Lily was crying now. ‘I should’ve stopped him. But he was already reversing. Headlights swinging out onto the drive, music on full blast. I didn’t think… I didn’t know.’
I was perched on the edge of the kitchen worktop, knuckles white around the phone. Waves of rage and grief came rolling through me. I realised I was shaking.
‘So now you know,’ Lily whispered. ‘He died because she couldn’t keep her bloody mouth shut. I’m so sorry.’
The line went dead.
I stared at the ceiling, my whole body now pulsing with rage. Not only had Juliet tried to poison his love for me, she’d made his last moments on this earth full of pain and anger. I barely slept.
The funeral was a blur of shattered pieces.
Dom helping carry the polished oak coffin.
Sebastian’s eulogy collapsing midway as he wept at the pulpit.
The endless line of black-clad mourners snaking through the frost-covered graveyard.
The hollow thud of earth on the casket. Faces from the party crowd stood scattered among the mourners – Toby, Luke, others I barely recognised in daylight – all suddenly quiet, stripped of their carefree confidence.
Jamie, six feet deep in the family plot, silenced forever.
I stood stiff beside my parents, numb with grief and disbelief.
At the country house hotel afterwards, people approached with their sympathetic smiles and platitudes.
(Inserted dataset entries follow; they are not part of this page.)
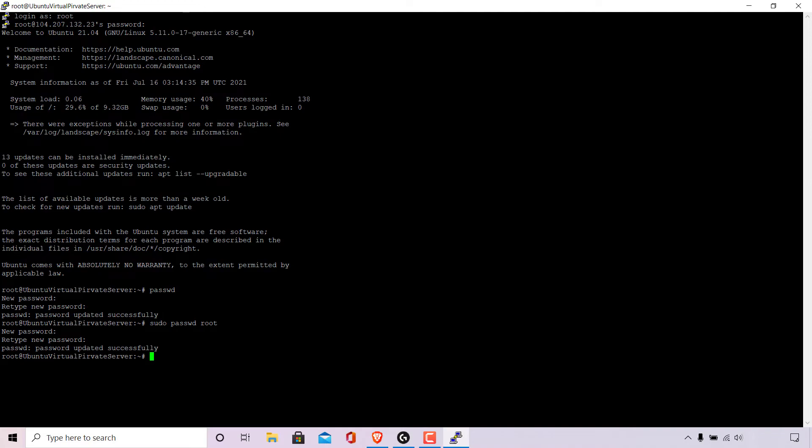And that pretty much concludes the video on how to change root password in Ubuntu Linux using command line terminal.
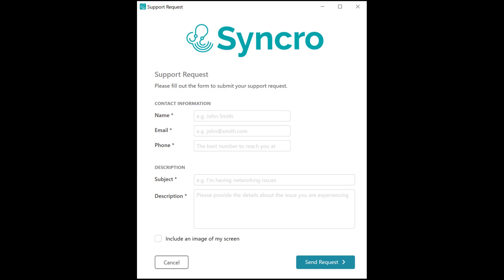Agent contact forms are part of the Syncro agent's notification tray icon functionality. So effectively, besides the completely customizable tray icon itself, you also have a fully brandable contact form for opening support tickets as well.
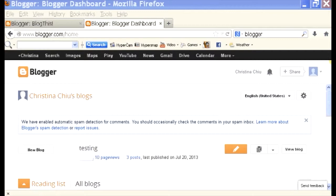If you open up your browser right here and then log into Blogger, you should see the list of your blogs. Mine is called testing.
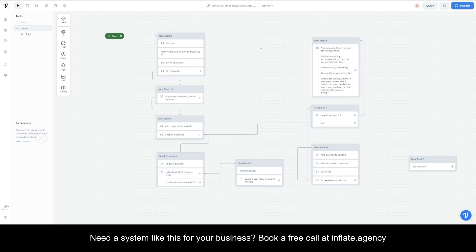This is a conversational travel assistant built in VoiceFlow. The purpose is to communicate back and forth with the person and try to get information out of them, and then send this information to the client.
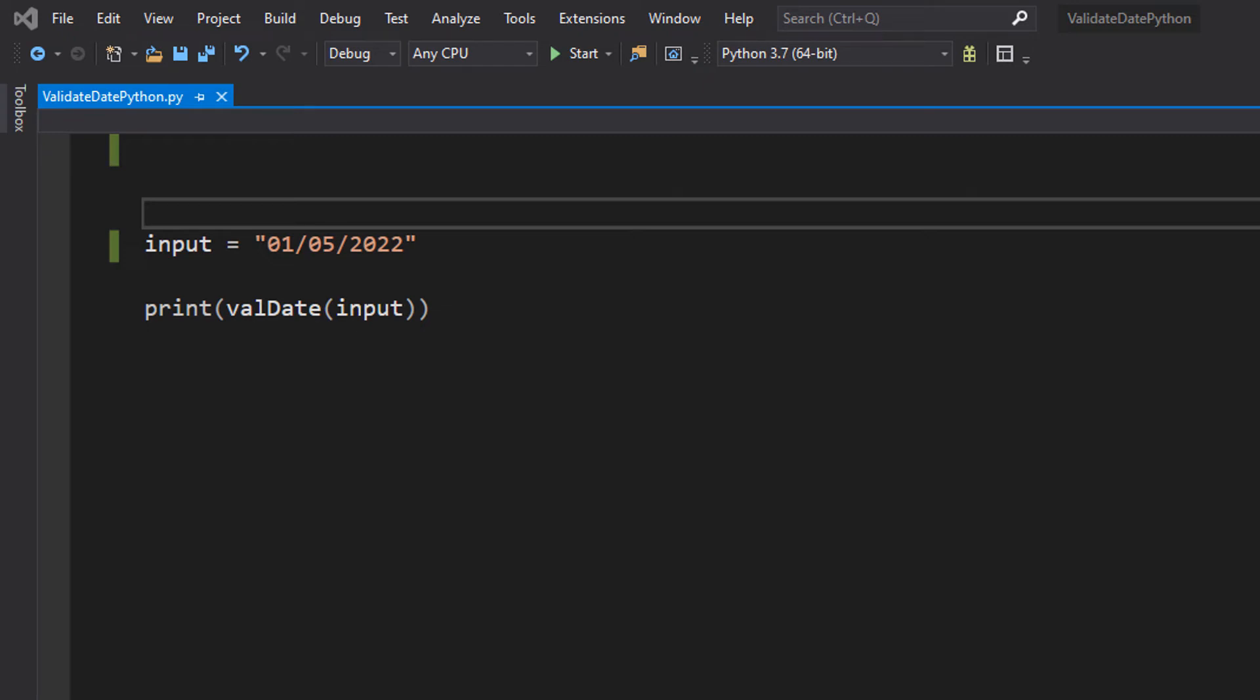Greetings! It is Maxo Diddley here and today I am here with another Python tutorial to help you get an A in your coursework or exam. And today we're here with how to validate a date using Python.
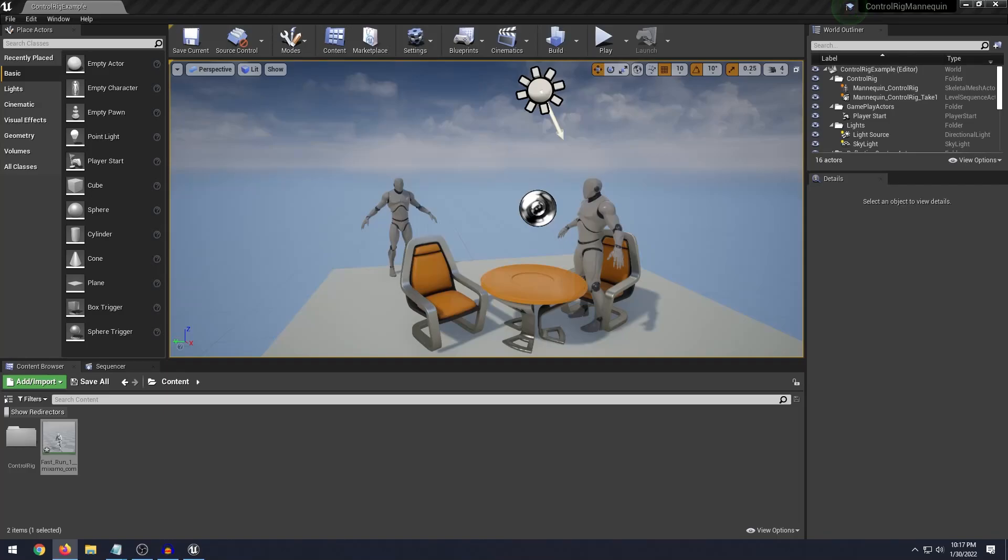Hello guys, welcome back to another video. In this video I want to show you how you can modify existing animations that you have using Control Rig inside Unreal Engine.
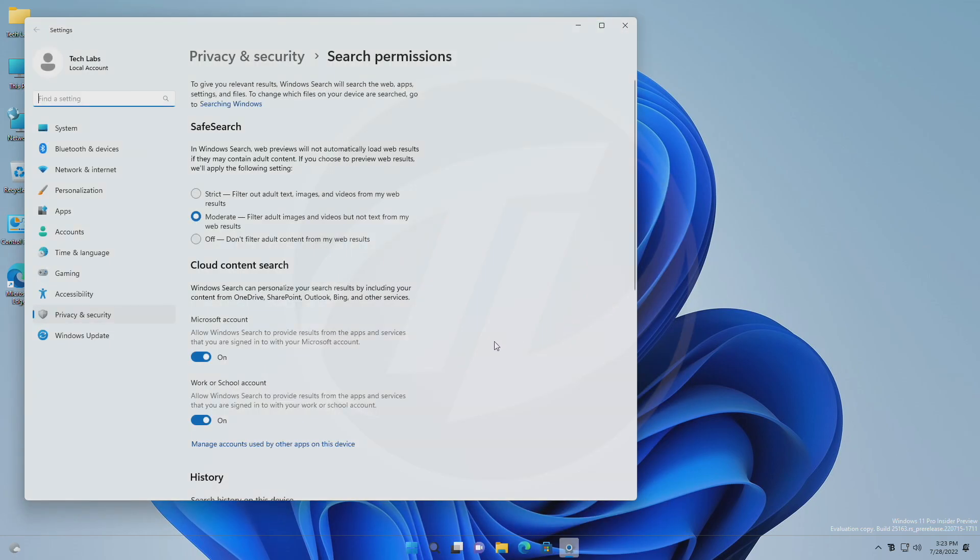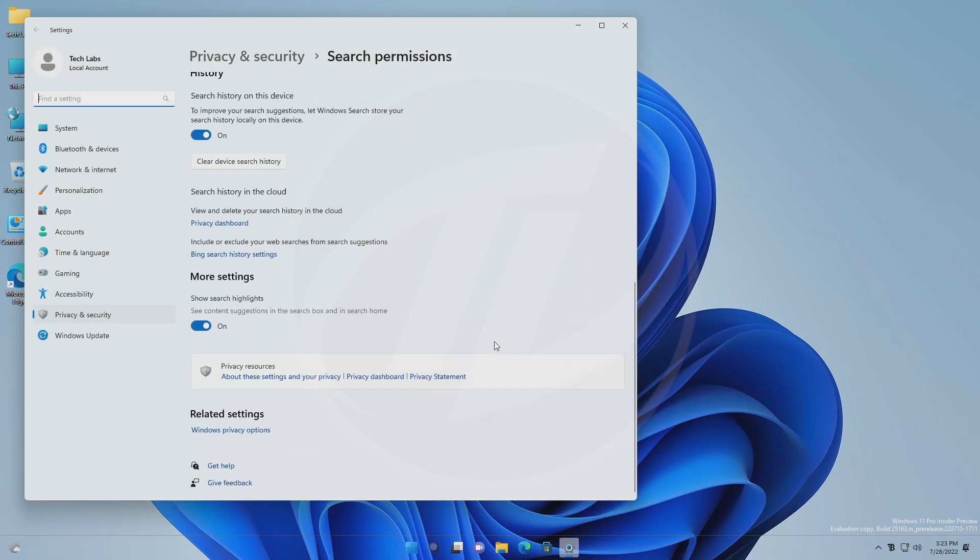After landing on the settings page, scroll down, and here you'll have an option show search highlights. Turn it off, and you're good to go.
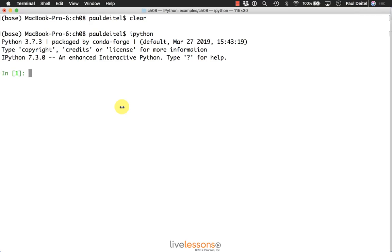In this video, we'll continue our prior discussions of string formatting, which we've seen in many different videos previously.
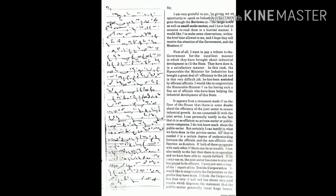Sir, I am very grateful to you for giving me an opportunity to speak on industries today. I have gone through the reviews on the large-scale as well as small-scale sector, and I have had an occasion to read them in a hurried manner.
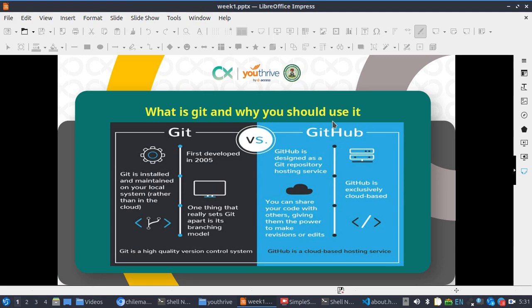In this video we are going to learn about Git. Git is installed and maintained on our local machine. GitHub is designed as a Git repository hosting service, so Git and GitHub complement each other.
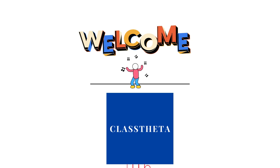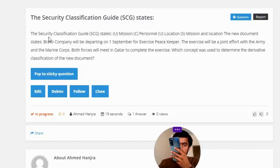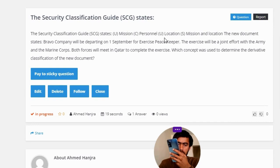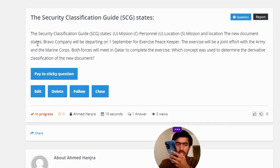Our today's question: the Security Classification Guide (SCG) states: mission - Unclassified, personal - Confidential, location - Secret. The new document states: Bravo Company will be departing on 1 September for Exercise Peacekeeper.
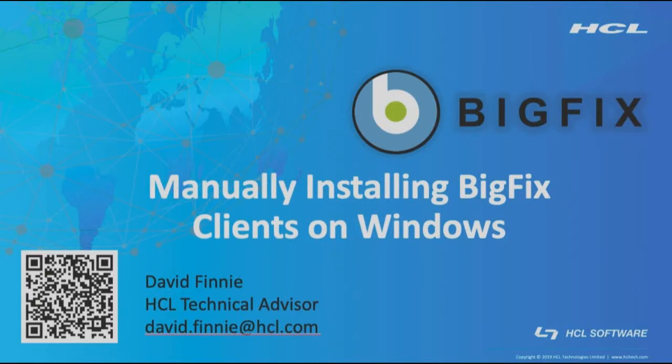Hello, my name is David Finney and I am a BigFix technical advisor based out of Denver, Colorado. In this video, I'll be discussing installing BigFix clients manually on Windows systems.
I couldn’t look at Juliet. I couldn’t trust myself not to scream in her face. She moved through the crowd, dabbing her eyes with a linen handkerchief, leaving a trail of cloying perfume.
Lily found me in a corner and pressed Jamie’s signet ring into my hand. ‘What will we do without him?’ she whispered.
Before I could answer, she turned abruptly and walked out onto the terrace, into the cold air, as though the walls inside could no longer contain her grief.
I clutched the ring so hard it left an imprint in my palm.
And then it was over, and Jamie was still gone.
The return home was silent. Alice sat beside me, her arm wrapped tightly around my shoulders as though she thought I might break if she let go.
When we reached the house, all the lights were on, softly glowing in the twilight. No one said a word as we passed through the kitchen. Alice opened the fridge, took out a bottle of white wine, and nodded towards the stairs.
We were back in my attic room, with its sloping ceiling and rain-tapped window that had borne witness to us making our Darcy List only a few years before, when our greatest worry had been whether a man could both gallop and brood convincingly.
Now the room felt smaller. I kicked off my shoes and climbed into bed.
Alice shut the door with her foot, sat beside me, and filled our glasses to the brim. ‘Right,’ she said. ‘Tell me everything you haven’t told anyone.’
I stared at the glass in my hand. The cold from the wine seemed to travel straight into the gold band of Jamie’s signet ring on my finger.
The metal felt shockingly chill. I turned the ring with my thumb so the tiny crest caught the light from my bedside lamp.
It had always looked so certain on his hand – inherited, belonging.
On mine – the Stonehill interloper – it sat loose.
Too big, too certain of a history that wasn’t mine.
The cold deepened, settling there between glass and gold.
I held both tighter.
‘He asked me,’ I said.
Alice didn’t move. ‘Asked you what?’
‘To marry him.’
The words felt fragile, like thin glass.
There was a pause. Then, very quietly: ‘When?’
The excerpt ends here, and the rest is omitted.